(ENTRIES SHOWN)

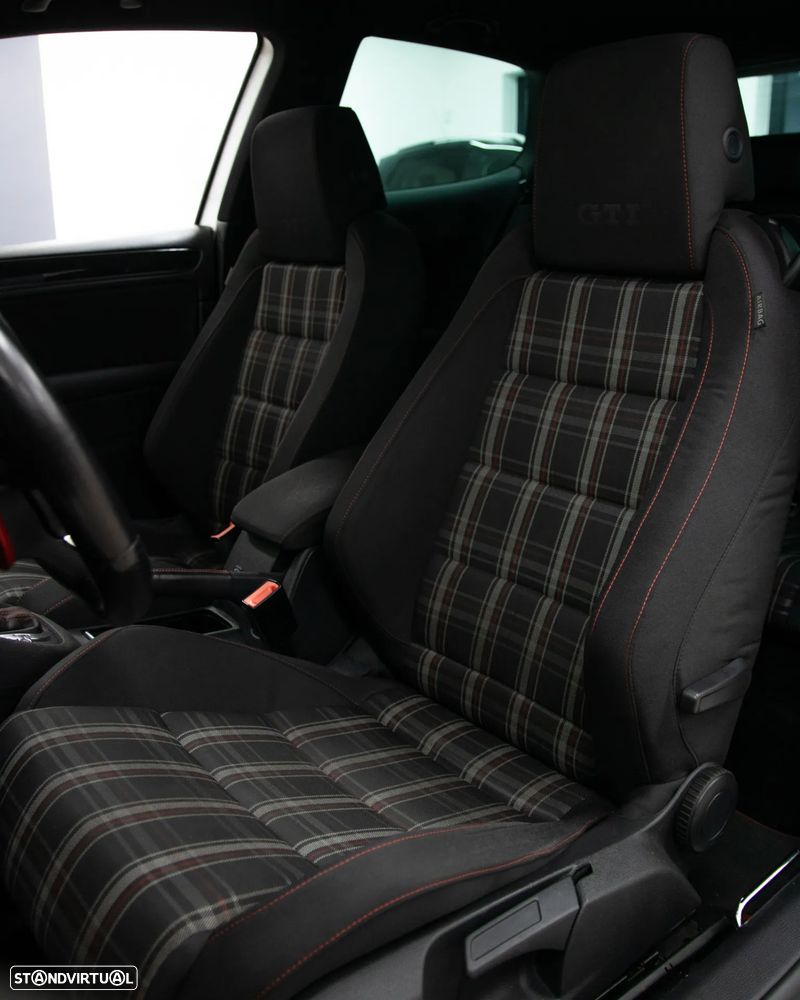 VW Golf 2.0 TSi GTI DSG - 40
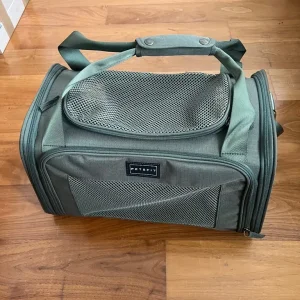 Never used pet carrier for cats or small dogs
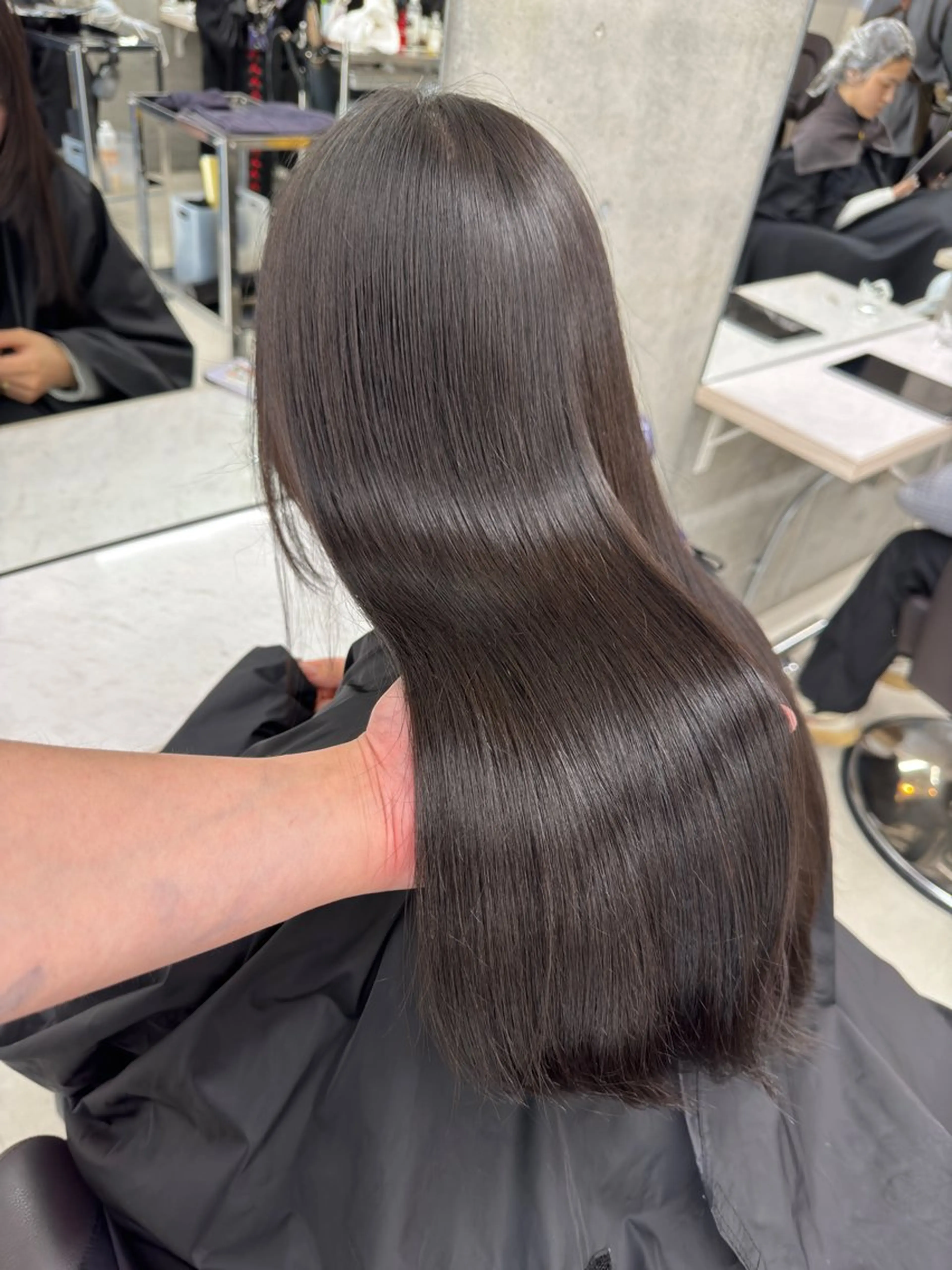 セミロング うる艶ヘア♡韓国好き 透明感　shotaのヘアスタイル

(End ENTRIES SHOWN)
(ENTRIES SHOWN)

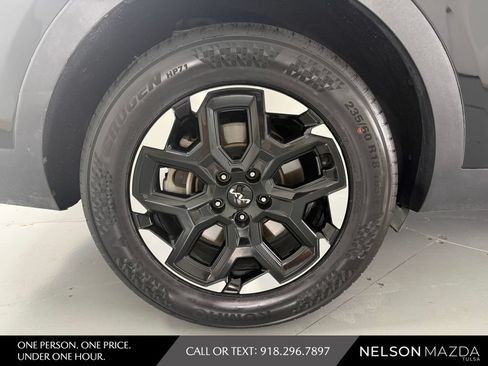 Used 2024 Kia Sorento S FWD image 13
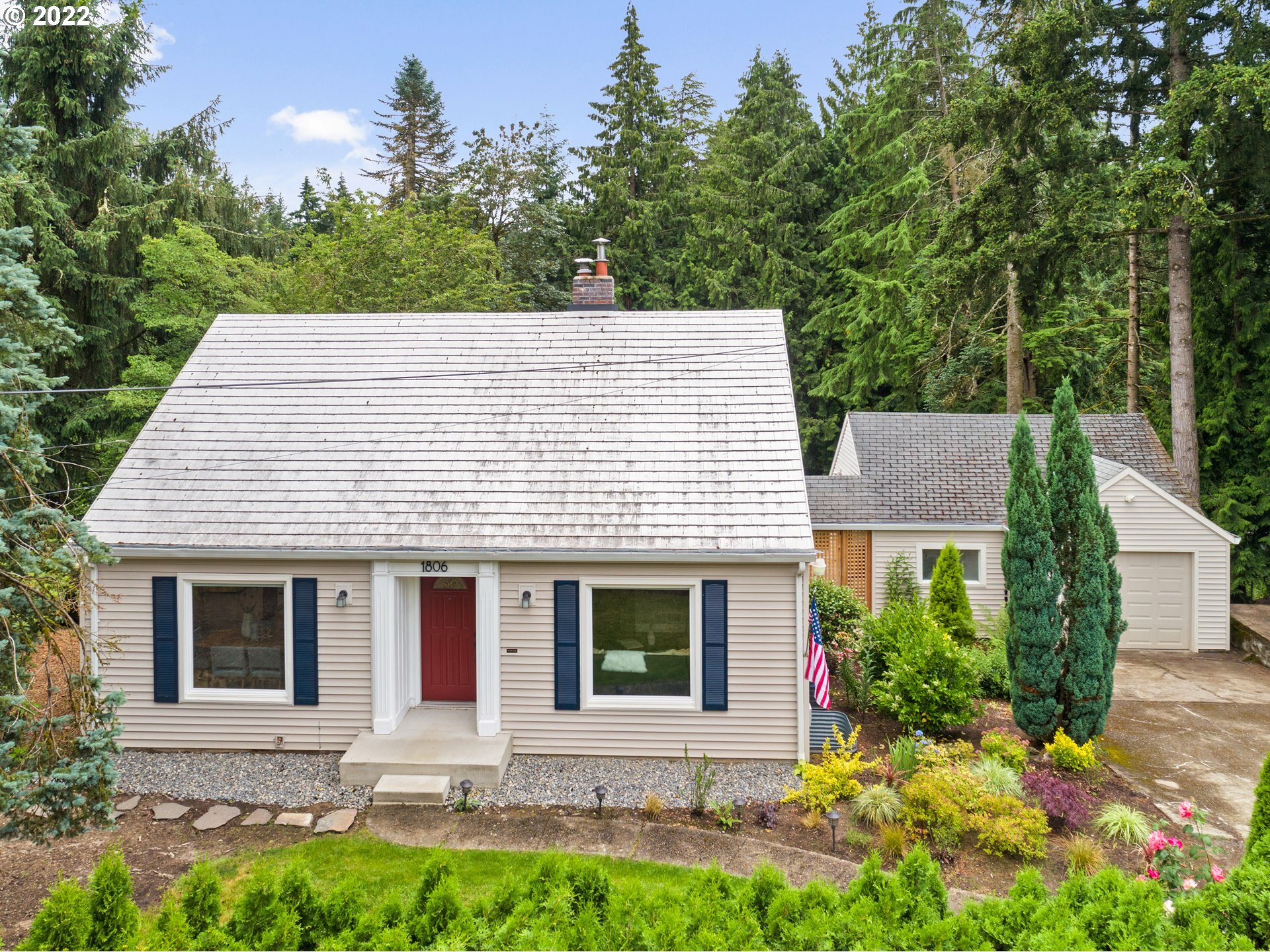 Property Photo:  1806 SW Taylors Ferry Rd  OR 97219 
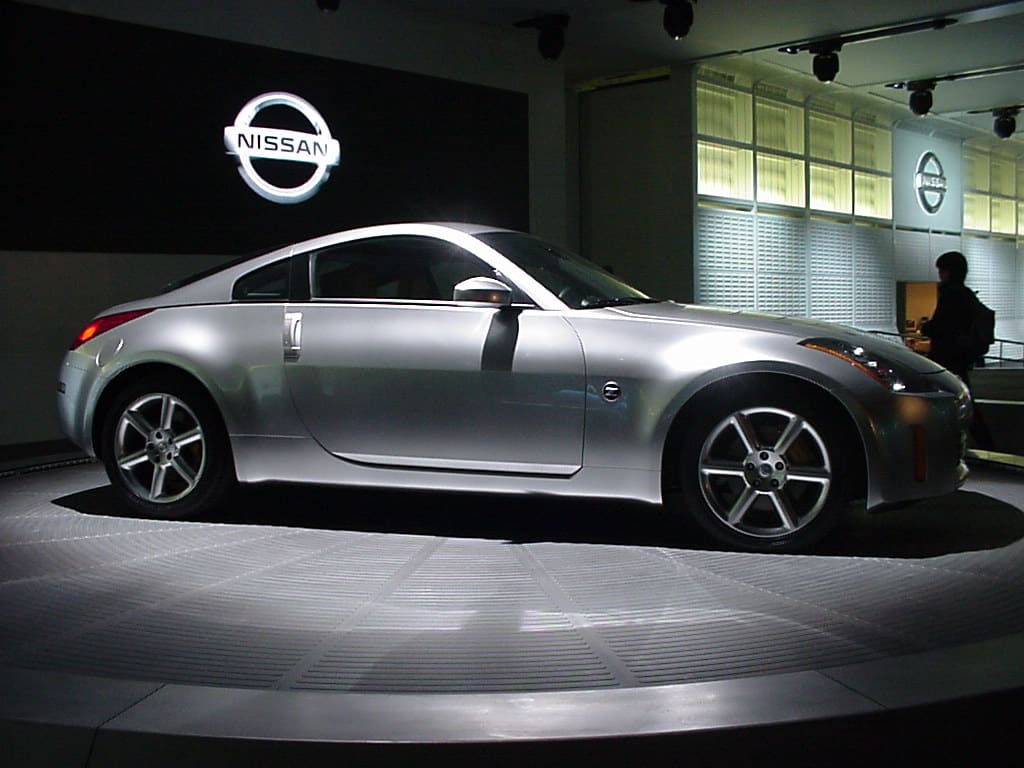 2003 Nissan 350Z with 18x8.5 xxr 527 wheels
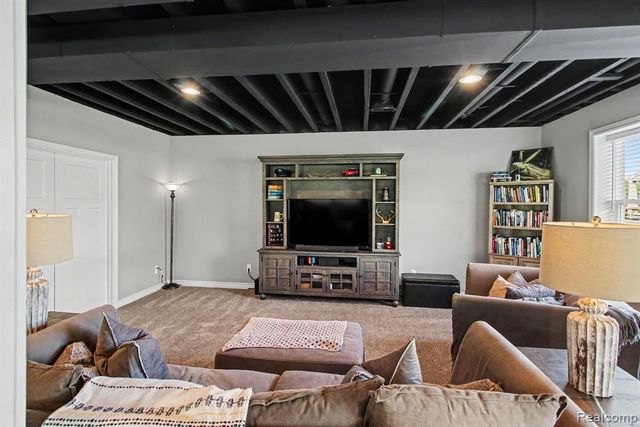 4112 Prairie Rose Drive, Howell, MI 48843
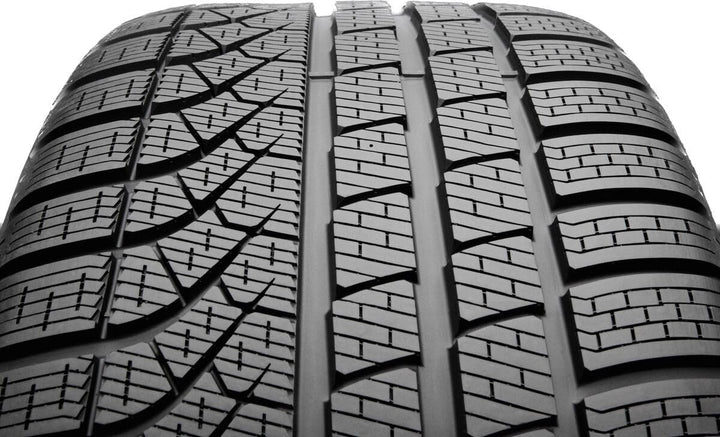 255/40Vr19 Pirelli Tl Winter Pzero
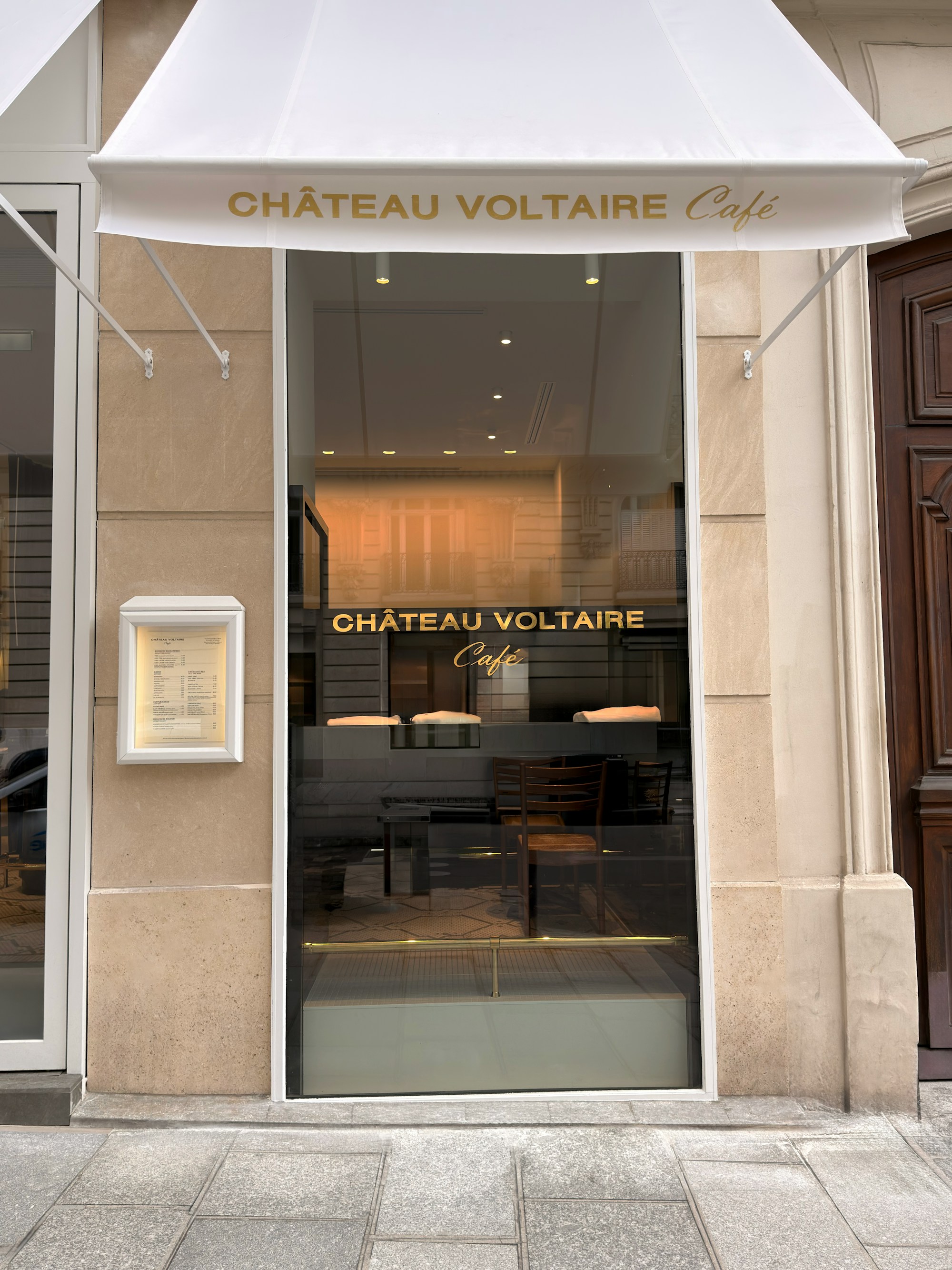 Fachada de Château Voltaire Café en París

(End ENTRIES SHOWN)

- _INSTRUCTIONS FOR THE TASK_
Among the entries above, locate the line with "VW Golf 2.0 TSi GTI DSG - 40" and the line with "セミロング うる艶ヘア♡韓国好き 透明感　shotaのヘアスタイル". Give those two lines and all lines between them again, exactly, leaving out the pictures.

- _RESPONSE TO THIS EXERCISE_
 VW Golf 2.0 TSi GTI DSG - 40
 Never used pet carrier for cats or small dogs
 セミロング うる艶ヘア♡韓国好き 透明感　shotaのヘアスタイル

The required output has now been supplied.